Coprifuoco? «Stiamo analizzando l'ipotesi» - Susanne Kuster, vicedirettrice dell'Ufficio federale di giustizia, è stata interpellata sull'eventuale possibilità di mettere in atto un coprifuoco. «È un'ipotesi che l'Ufficio federale di giustizia sta valutando. Per ora si tratta solamente di un'analisi preventiva.

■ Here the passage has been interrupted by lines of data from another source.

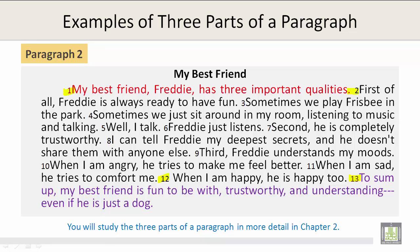First of all, Freddy is always ready to have fun. Sometimes we play frisbee in the park. Sometimes we just sit around in my room listening to music and talking. Well, I talk — Freddy just listens.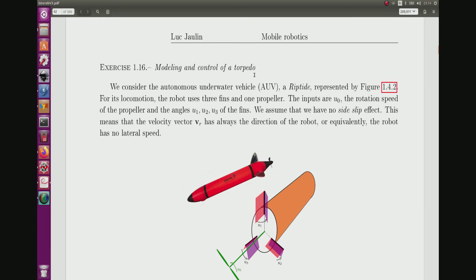Modeling and control of a torpedo. The torpedo we'll consider is a Riptide, which is an autonomous underwater robot, AUV. It is a small robot with one propeller and three fins. I have a photo and a representation we will use for the modeling. I can control the propeller and also the orientation of the three fins. U0 corresponds to the rotation speed of the propeller and U1, U2, U3 to the angles of the fins.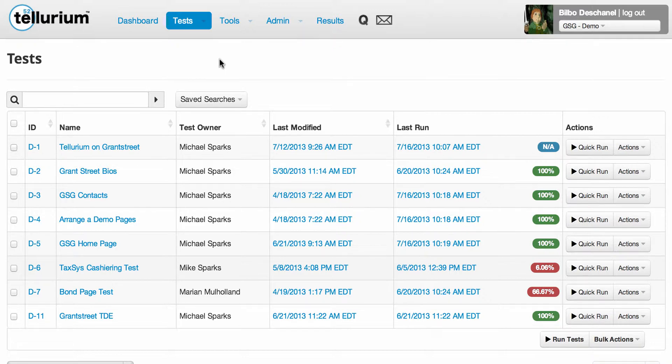You can perform manual runs of your tests, tags, groups, playlists, and queues. Just go to the appropriate page and choose the manual run option from the actions or gear menu for the set of tests or the test that you want to run. I'll demonstrate performing a bulk manual run of tests.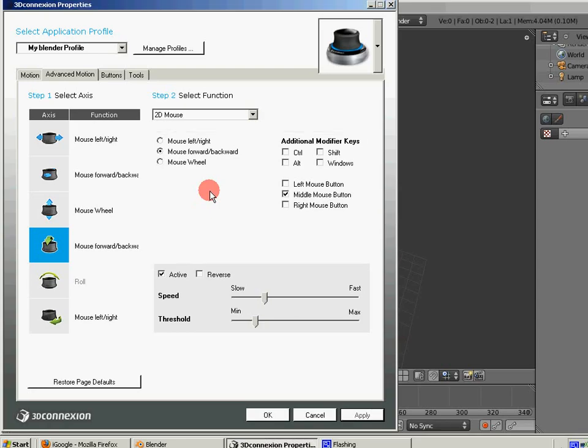Welcome to the Subspace Games YouTube channel. Today I'm going to be doing a video to talk about the 3D Connection Space Navigator and using it with Blender.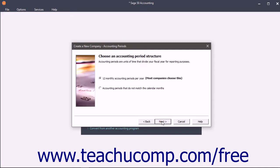The Accounting Period screen lets you decide which accounting period structure to use for your company. You can specify the number of accounting periods and when they start and end.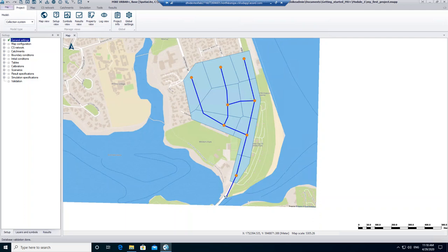In the last modules and units, we've created our collection system network, we created the catchments, connected the catchments to the network, and we inserted a boundary condition. We entered all required data so that we can finally work on the simulation setup and start our very first simulation.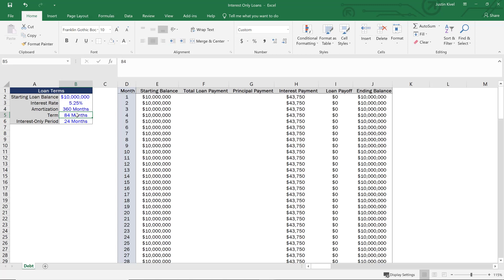Our loan term is 84 months, so we'll have to pay back any outstanding principal at the end of 84 months. Our interest-only period is 24 months, and that's really what we're going to focus on in this video. We have our starting balance, interest payment, loan payoff, and ending balance already built out — but we need to build out our total loan payment and principal payment dynamically.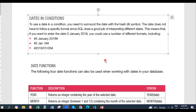Welcome back boys and girls. We're still moving on with SQL. I hope you had some fun using the WHERE clause and made some progress with the application. Today we're going to focus on using dates in your SQL as well as the aggregate functions like sum, max, minimum, and average.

Per avere qualcosa in mano nel caso si dovesse arrivare fino a quel punto». Attualmente, però, non vi è alcun sentore che un simile provvedimento possa essere varato.
Alla conferenza stampa hanno presenziato Daniel Koch, capo della divisione malattie trasmissibili dell'UFSP; Johannes Matyassy, direttore della Direzione consolare del DFAE; Christoph Flury, capo della protezione civile (UFPP); Raynald Droz, Capo di Stato maggiore dell’esercito; Barbara Büschi, direttrice supplente alla Segreteria di Stato della Migrazione (SEM); Susanne Kuster, vicedirettrice dell'Ufficio federale di giustizia; Boris Zürcher, Capo della direzione del lavoro alla SECO; Erik Jakob, Capo della direzione per la promozione della piazza economica alla SECO; Martin Godel, Capo del servizio Politica a favore delle PMI.